Ana María Lozano Riveros, de la Comisión Intereclesial de Justicia y Paz
Once años conviviendo con las comunidades de resistencia

Ricardo Ferrer
Diagonal

Con su morral al hombro, Ana María Lozano pasa sus días recorriendo comunidades indígenas que, cercanas a la frontera con Panamá, viven acosadas por los actores armados del conflicto colombiano.

Ana María Lozano Riveros es pedagoga y defensora de los derechos humanos en Colombia, un país cafetero, pero con la democracia más descafeinada del mundo. Su labor en las comunidades rurales es en extremo difícil: la ‘democracia’ colombiana carece de justicia real, no existe distribución de la riqueza y ninguna autoridad garantiza ni la vida ni la seguridad de los pobladores, sobre todo si se trata de indígenas, campesinos, afrodescendientes o líderes comunitarios.

Para cumplir su tarea, Ana María Lozano convive con las poblaciones que resisten, que afirman sus derechos. Monitorizando el acompañamiento que realizan sus compañeros en 13 regiones de intenso conflicto armado, Lozano frecuenta las zonas humanitarias y las zonas de biodiversidad del Bajo Atrato y el Urabá antioqueño. Esta mujer todoterreno, vinculada a la Comisión de Justicia y Paz desde hace once años, recorre comunidades que se encuentran en la frontera con Panamá con su morral a cuestas.
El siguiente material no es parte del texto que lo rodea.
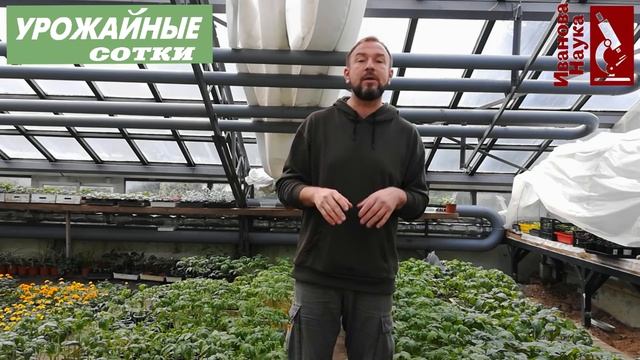 Не спешите! 100 % определение сроков высадки рассады в теплицу и в открытый грунт. смотреть онлайн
Las zonas humanitarias se crearon por primera vez en 2001 en Cacarica, territorio afrocolombiano, como mecanismo de autoprotección, para evitar el desplazamiento forzado y la consumación de crímenes, en particular de militares y paramilitares. Allí, al lado de sus compañeras y compañeros, que pasan 365 días del año al lado de las familias en estos espacios de protección, cruza territorios que están siendo disputados militarmente entre escuadrones de la muerte del Ejército y la guerrilla, pero que están siendo apropiados por empresarios palmeros, bananeros, ganaderos, extractores forestales y mineros, protegidos militarmente por las fuerzas estatales y paraestatales. Esto ha implicado amenazas y presiones diarias, entre ellas falsas acusaciones judiciales contra ella y contra todos sus compañeros de la organización.
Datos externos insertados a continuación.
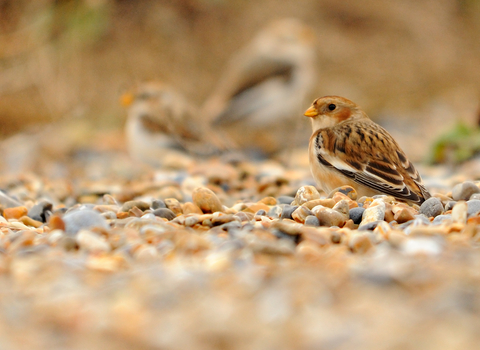 Snow Bunting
Las comunidades de resistencia en Colombia tienen claro que su lucha es de largo plazo. Buscan una transformación de la realidad en una democracia real, y eso significa la defensa incondicional de los derechos humanos.

Cuatro millones de desplazados

Los desplazados en Colombia alcanzan la cifra de cuatro millones según ACNUR, siendo el segundo país del mundo en número de personas desplazadas. Ante esa realidad, la Comisión Intereclesial de Justicia y Paz ha optado por acompañar el regreso de estas comunidades a los territorios y desarrollar junto con ellas todos sus potenciales para sobrevivir con dignidad en medio del conflicto armado, protegiendo los territorios ante la voracidad y barbarie empresarial, que no duda en usar las armas y un derecho tergiversado para legalizar el despojo.

Datos recientes confirman que en los últimos doce años Colombia ha parido 30.000 desaparecidos. Algunos son de estas tierras donde hoy, quienes transitan en la memoria de tantas vidas humanas segadas proyectan microdemocracias locales, modelos de economía sostenible, modos de dignificación ante la imposibilidad de una democracia que respete los derechos humanos. Los habitantes resistentes se han dotado de unas normas de convivencia y han firmado compromisos colectivos entre los que destaca la negativa a participar en la guerra: no dan apoyo a ningún actor armado, pero afirman su derecho a la justicia. Las empresas mineras quieren explotar las riquezas del subsuelo, simulando una consulta a los habitantes que ocupan ancestralmente el territorio de manera legítima y colectiva, con la aceptación de las autoridades de Colombia, que validan el mecanismo fraudulento como verdadero. A esa pretensión, afrocolombianos e indígenas de Curvarado y Murindo se oponen a través de actos democráticos, participativos y populares.

La Comisión Intereclesial de Justicia y Paz acompaña procesos de resistencia similares en diferentes poblaciones de los departamentos El Meta, Putumayo y Cauca, en pleno corazón del Plan Colombia en su fase II, y en El Valle. Allí continúan observando y denunciando lo que se quiere negar, la existencia del paramilitarismo, los intereses del capital que destruye la vida de miles de seres humanos y ecosistemas. Allí está la vida cotidiana de Ana María Lozano. Acompañando la dignificación de los pueblos. Allí se encuentra su opción personal y la de su organización, que mantiene la lucha por los derechos humanos.